[Extracted data entries]
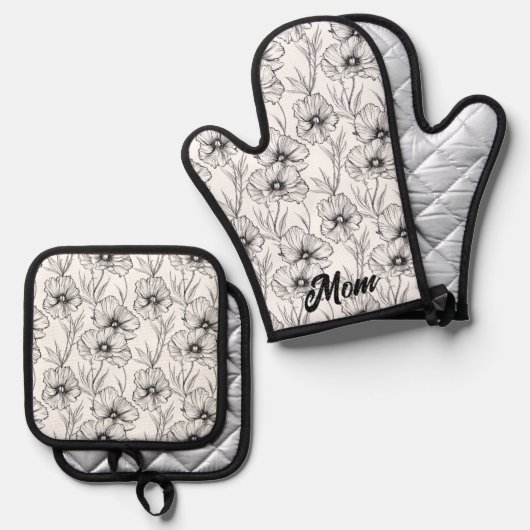 Moderne Schwarz-Weiß-Mama Personalisiert Ofenhandschuh & Topflappen-Set (Vorderseite/Rückseite)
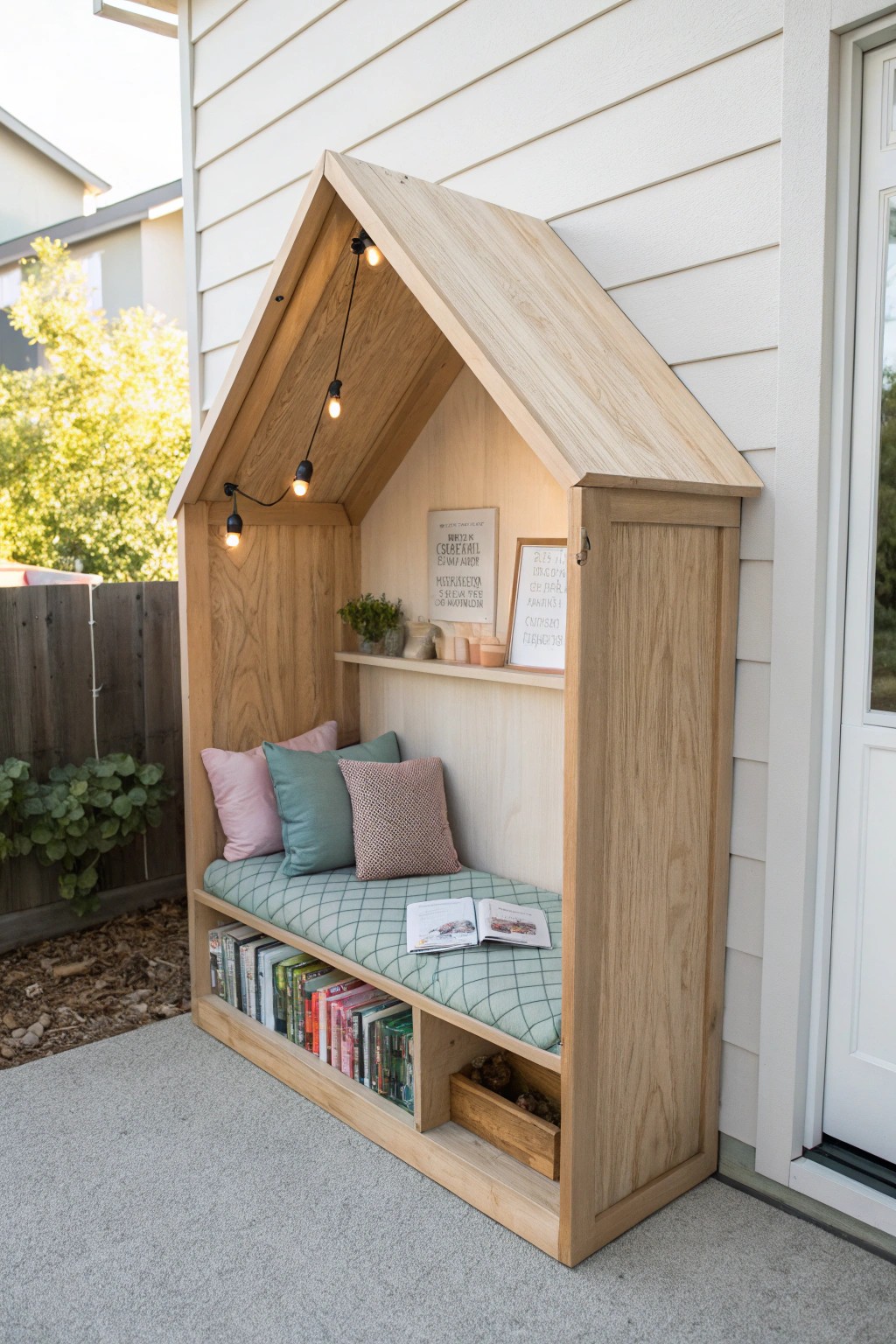 Transform your garage into a serene playroom with a charming wooden reading nook.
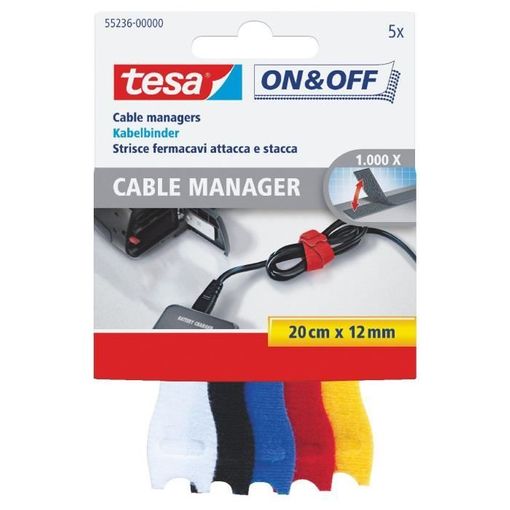 Tesa On & Off Cables Manager Pack de bandes Velcro 20 cm x 12 mm – Pour organiser les câbles – Couleurs assorties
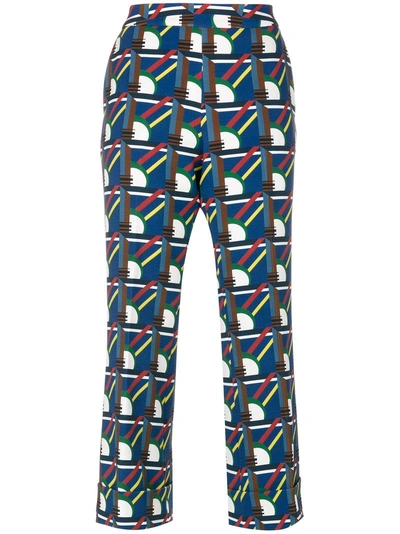 Pardens Geometric Print Cropped Trousers In Blue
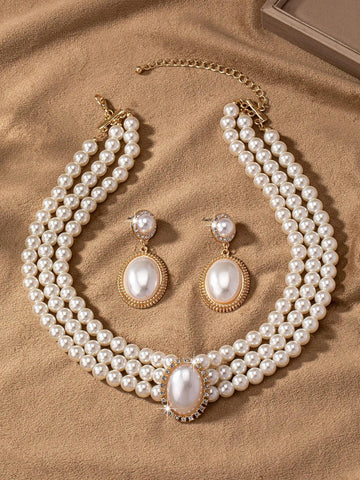 A Set Of Elegant And Romantic Cubic Zirconia Inlaid Faux Pearl Multilayer Necklace And Earrings shein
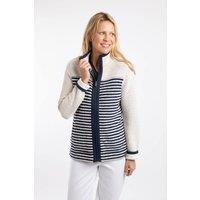 Weird Fish Women's Zoe Full Zip Striped Colour Block Macaroni Sweatshirt in Ecru | Size: 8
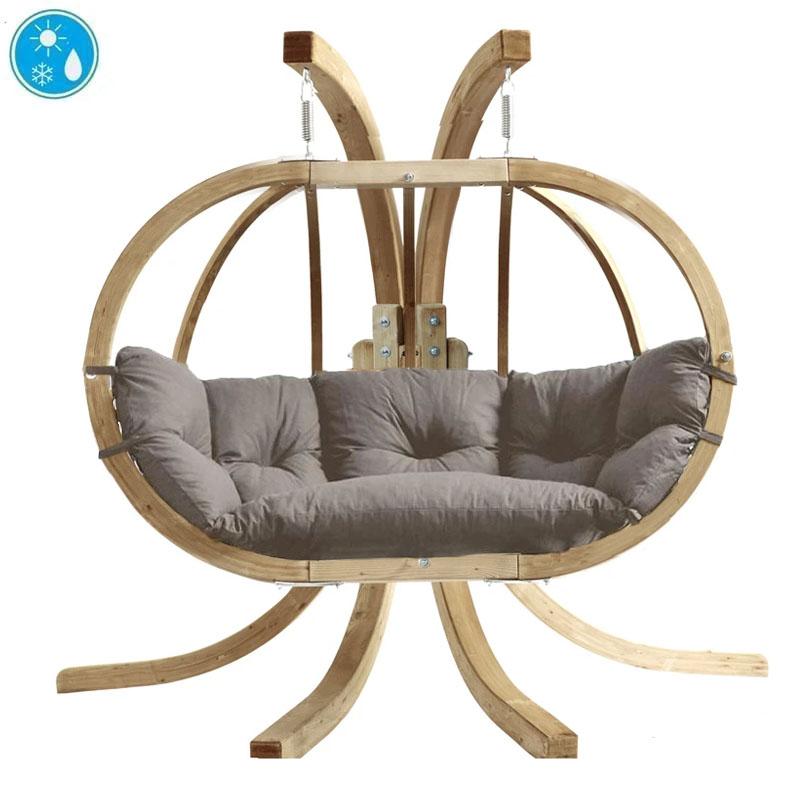 globo royal double hanging egg chair set product exterior view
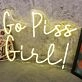 Go Piss Girl Yellow Neon Sign for Fun and Playful Spaces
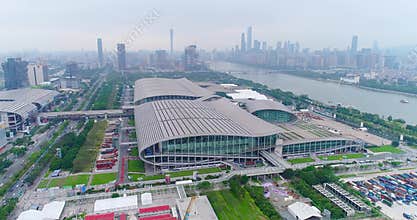 International exhibition Canton Fair. Aerial view. China Import and Export Fair view from the top, the general plan
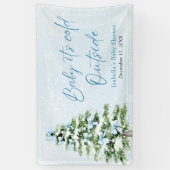 Blue Bows Girl Baby It's Cold Outside Baby Shower 横断幕 (縦)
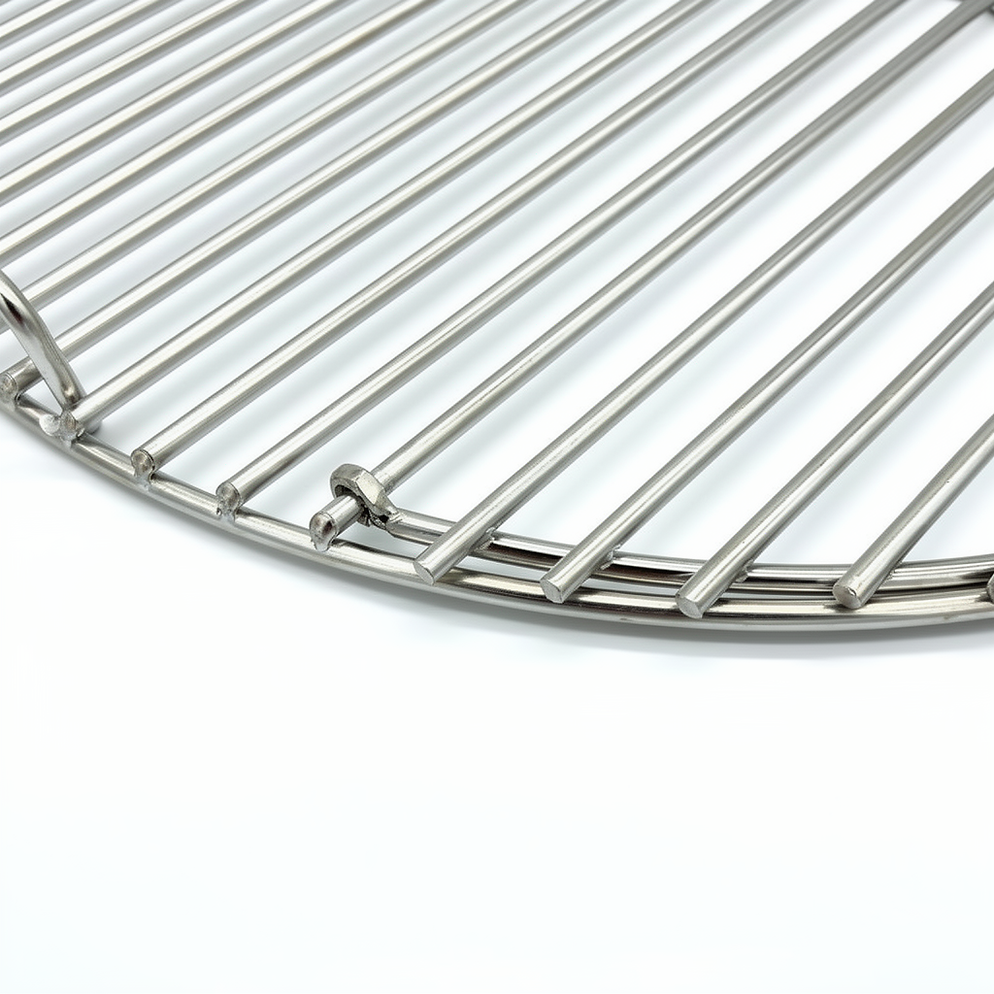 Side profile of 57cm stainless steel kettle grill grate showing 6mm rod thickness – premium Weber upgrade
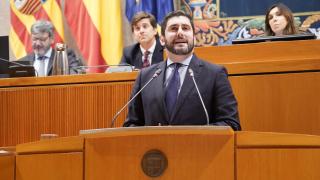 El portavoz de Vox, Alejandro Nolasco, este jueves en el pleno.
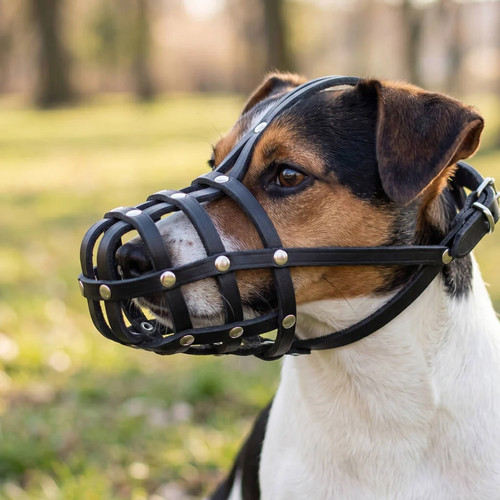 Leder hundemaulkorb für jack - hundemaulkorb,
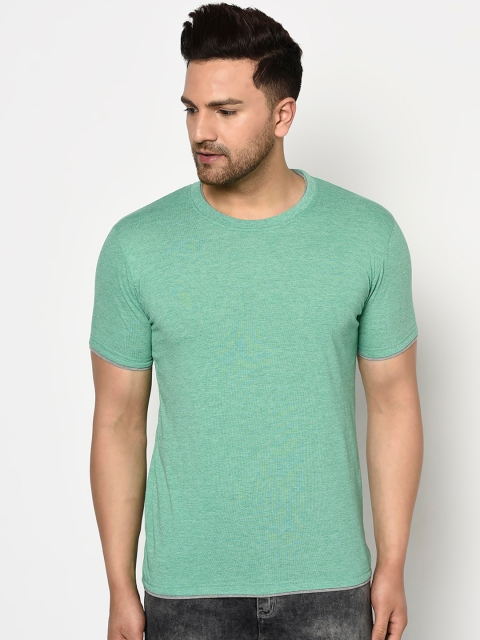 

ELEGANCE Men Green Solid Round Neck T-shirt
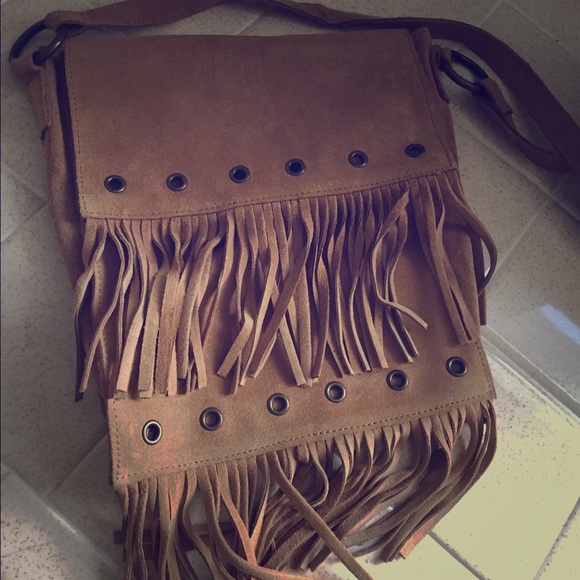 Leather Fringe Crossbody Bag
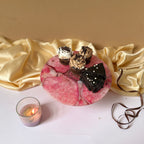 Pink Agate Cake Stand with Metal Base - 10 Inches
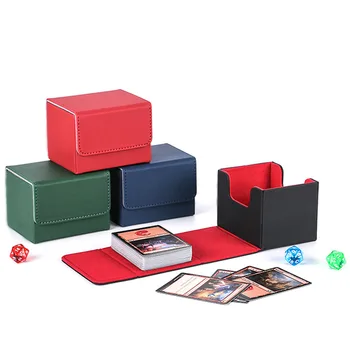 1 Упаковка Кожаных Картонных Коробок Для Колоды 100 + Карт, Игровая Коробка Для Колоды Магнитных Игральных Карт, Коробка Для Хранения Карт для 100 Плюс Карт, Совместимых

#### [Your objective]
Each record above should be returned unchanged, except that the pictures are dropped.

#### [Final answer]
 Moderne Schwarz-Weiß-Mama Personalisiert Ofenhandschuh & Topflappen-Set (Vorderseite/Rückseite)
 Transform your garage into a serene playroom with a charming wooden reading nook.
 Tesa On & Off Cables Manager Pack de bandes Velcro 20 cm x 12 mm – Pour organiser les câbles – Couleurs assorties
 Pardens Geometric Print Cropped Trousers In Blue
 A Set Of Elegant And Romantic Cubic Zirconia Inlaid Faux Pearl Multilayer Necklace And Earrings shein
 Weird Fish Women's Zoe Full Zip Striped Colour Block Macaroni Sweatshirt in Ecru | Size: 8
 globo royal double hanging egg chair set product exterior view
 Go Piss Girl Yellow Neon Sign for Fun and Playful Spaces
 International exhibition Canton Fair. Aerial view. China Import and Export Fair view from the top, the general plan
 Blue Bows Girl Baby It's Cold Outside Baby Shower 横断幕 (縦)
 Side profile of 57cm stainless steel kettle grill grate showing 6mm rod thickness – premium Weber upgrade
 El portavoz de Vox, Alejandro Nolasco, este jueves en el pleno.
 Leder hundemaulkorb für jack - hundemaulkorb,

ELEGANCE Men Green Solid Round Neck T-shirt
 Leather Fringe Crossbody Bag
 Pink Agate Cake Stand with Metal Base - 10 Inches
 1 Упаковка Кожаных Картонных Коробок Для Колоды 100 + Карт, Игровая Коробка Для Колоды Магнитных Игральных Карт, Коробка Для Хранения Карт для 100 Плюс Карт, Совместимых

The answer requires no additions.